The city and district councils’ joint governance committee are looking at a new improved rubbish collection regime that will increase recycling and reduce the amount of rubbish going to landfill.
The review of rubbish collection is a six yearly legal requirement. The draft Waste Management and Minimisation Plan’s timetable is to be adopted by the councils’ Joint governance Committee next month, before going for public consultation in June.
This will then be followed by deliberations in July.
The law the Waste Minimisation Act of 2008 requires the councils to reduce the amount of rubbish going to landfill and to recycle more.
But the assessment shows the councils haven’t achieved targets set in the previous WMMP in 2010.
The Targets: 40 per cent of the waste stream processed through council-owned or associated facilities is diverted as resources by 2015 (in 2009/10 this was 22 per cent); reduction of 20kg in per capita/annum of waste to landfill by 2015 from the 2010 baseline of 477 kg/capita/annum; reduce organic waste to landfill through Council facilities by 20 per cent in 2015 from 2010 figures.
There has been little positive change in these three measures since the 2010 plan. Figures for landfill show 77,317 tonnes taken to land fill in 2010 and 87,909 tonnes in 2015.
The only year the amount decreased was the 2012/13 year when it dropped to 76,228 tonnes.
Eunomia Research and Consulting says the previous plan didn’t work because; the 2010 plan’s intended outcomes and targets were not adequately supported by the proposed actions, and that the actions in the plan have not enabled council to deliver on the stated outcomes.
To be meaningful, targets and outcomes need to derive directly from specific actions that will be able to deliver measurable results.
More than 50 per cent of the waste currently disposed of at Class 1 landfills could in theory be diverted from landfill disposal.
This is mainly kitchen/food waste, which represents 14.4 per cent of the total. The second largest divertible component is recyclable paper, which comprises 11.2 per cent of total rubbish.
In 2014/15, approximately 0.524 tonnes of levied waste was disposed of at Class 1 landfills for each person in Tauranga and Western Bay. Of this total, 0.201 tonnes was domestic kerbside refuse.
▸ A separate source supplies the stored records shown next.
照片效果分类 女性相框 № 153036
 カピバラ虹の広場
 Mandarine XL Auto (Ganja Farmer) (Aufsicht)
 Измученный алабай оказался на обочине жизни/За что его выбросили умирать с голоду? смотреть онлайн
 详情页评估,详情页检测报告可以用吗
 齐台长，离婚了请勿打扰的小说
The per capita disposal rate for Tauranga and Western Bay is mid-way between the high and low disposal rates nationally, and is identical to the disposal rate in Christchurch.
An average of 76 kg/capita/annum of materials are recycled through domestic kerbside collections and drop-off facilities in Tauranga and Western Bay.
By 2026 the sub-region will be sending about 100,000 tonnes of material to landfill, a further 60,000 to cleanfill, while green waste grows to about 10,000 tonnes, other organics to 7,000 tonnes, recyclables to 28,000 tonnes and scrap metal to 18,500 tonnes.
Together, Tauranga and Western Bay have a population of just over 160,000. Of these, just over 117,000 live in Tauranga, with another 12,400 living in Te Puke, Katikati or Waihi Beach. A large part of Western Bay is relatively sparsely populated.
By 2031, the region will become home to over 216,000 people, an increase of 35 per cent in population and 40 per cent in the number of households.
Councillors are facing choosing from a selection of waste collection and recycling services that will achieve the set targets while the population is growing.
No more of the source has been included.